Valuations in India: A Cassandra’s Syndrome – Part 1

(First Published on Taxsutra: https://www.taxsutra.com/dt/experts-corner/valuations-india-cassandras-syndrome-part-1)

Background

In various corporate transactions such as primary infusions, secondary transfers, share swaps, buybacks, and capital reductions, there is often a divergence between commercially negotiated valuations on the one hand and regulatory/ tax valuations on the other hand. As Cassandra would view it, this discrepancy can complicate transactions and deemed tax implications, creating a conundrum for businesses and investors.

This article delves into the intricacies of these transactions, highlighting the various regulatory provisions, IndAS aspects, and their implications on valuations.

Theme 1: Primary Infusion through Preferential Allotment:

Scenario 1: Issuance of Equity Shares by an Unlisted Company

Issuance of equity shares by an unlisted company could be through two routes – either i) through preferential allotment[1] to a new investor, or to any particular existing shareholders, but not all; or ii) through rights issue[2] to all the existing shareholders.

Rights Issue: In case of a rights issue, the provisions of Companies Act, 2013 do not require any valuation to be undertaken. The underlying principle is that since the rights issue would be offered to all the existing shareholders in proportion of their shareholding, the rights of the existing shareholders would not be prejudicially affected.

FEMA Perspective: Under FEMA (Non-Debt Instruments) Rules, 2019 (“NDI Rules”), again, since the rights issuance would be to all the existing shareholders, no specific valuation principles are applicable; however, the only condition is that in case of rights issuance by an unlisted company, the price offered to non-resident shareholders should not be less than the price offered to the resident shareholders.

Tax – Investee Company’s Perspective: From a tax perspective, the provisions of section 56(2)(viib) of the Income-tax Act, 1961 (“ITA”) would be applicable from the perspective of the company issuing the shares. The said provisions, inter alia, provide that if the issuance of shares is at a value exceeding the face value, then the resultant share premium should be justified by one of the methods prescribed for valuation of such shares.

Valuation Methods: Valuation methodologies applicable for investment by residents is either the net book value (“NBV”) method or Discounted Cash Flow (“DCF”) method. Further, it also provides that if an investment has been received from a Category I AIF (registered as a venture capital fund) or if it has been received from certain notified[3] specific entities (such as sovereign wealth fund, FPI investors from notified[4] jurisdictions, etc.), then the price should not exceed the price at which such entities have invested.

Non-Resident Investors: For non-resident shareholders, additional valuation methods have been prescribed, viz., comparable company multiple method, option pricing method, probability weight expected return method, milestone analysis method, and replacement cost method.
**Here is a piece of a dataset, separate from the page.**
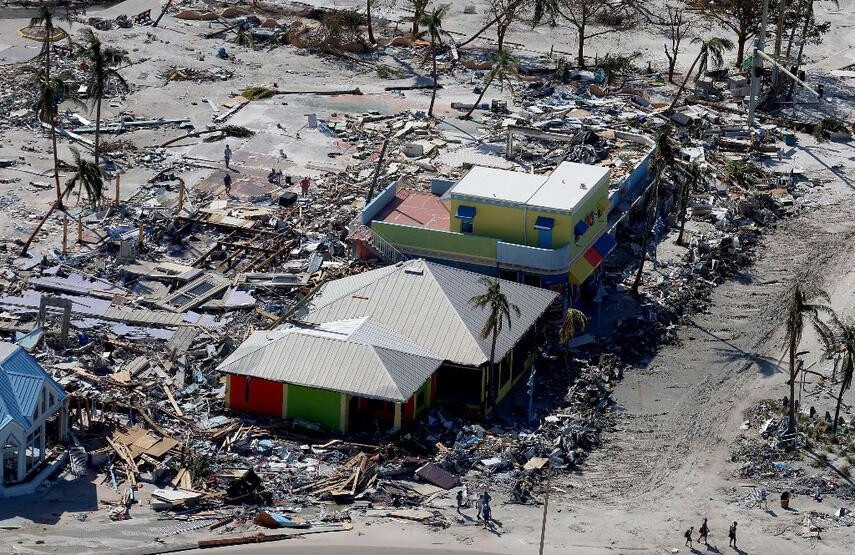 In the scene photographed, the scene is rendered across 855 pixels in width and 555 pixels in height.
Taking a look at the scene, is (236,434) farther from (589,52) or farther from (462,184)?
(589,52)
Therefore, in order for the rights issue not to attract any deemed tax under the above provisions, the pricing of rights issue should be justified in accordance with any of the above methods.

Tax – Investor’s Perspective: Section 56(2)(x) of the ITA provides that any receipt of shares at a price lower than the adjusted NBV method (book value adjusted for underlying reckoner value of immovable properties, market price of listed shares/ securities, and net book value of unlisted companies) will be taxable in the hands of the person receiving such shares on the difference between the consideration and the adjusted NBV. Therefore, any issuance of shares via rights issue should be at a price which is higher than the adjusted NBV of the investee company from the investor’s perspective, but within the price determined under the valuation methodologies under section 56(2)(viib) of the ITA from an investee company’s perspective.

Disproportionate Rights Issuance: One interesting question that comes up is that what if there is a disproportionate rights issue to a particular shareholder where the shareholding of such shareholder increases disproportionately vis-à-vis other shareholders – this could arise in two cases: a) say, there are 5 shareholders, and 4 shareholders do not subscribe to the shares; or b) renunciation of rights by other shareholders in favour of the shareholder subscribing to such shares. In such cases, can the tax authorities contend that the subscribing shareholder has been enriched at the cost of other shareholders, and therefore, taxable in the hands of the subscribing shareholder? In case (a), given that the subscription would be in proportion to the rights of the subscribing shareholder, and is not disproportionate, the provisions of section 56(2)(x) of the ITA should not be applicable. However, in case (b), the tax authorities could contend that the subscribing shareholder was enriched at the cost of other shareholders, and therefore, there is an inadequacy of consideration vis-à-vis such shareholder, since the rights issue would result in higher allotment than the existing shareholding; consequently, the tax authorities could levy tax in the hands of such shareholder. This principle was observed in the cases of Subodh Menon and Sudhir Menon by the Mumbai Tribunal[5]. Irrespective, even in case (a), if it can be proven by the tax authorities that there was an implicit understanding between the shareholders, that only a particular shareholder would subscribe to the rights issue, then the provisions of General Anti-Avoidance Rules (“GAAR”) could still be attracted in the hands of the subscribing shareholder.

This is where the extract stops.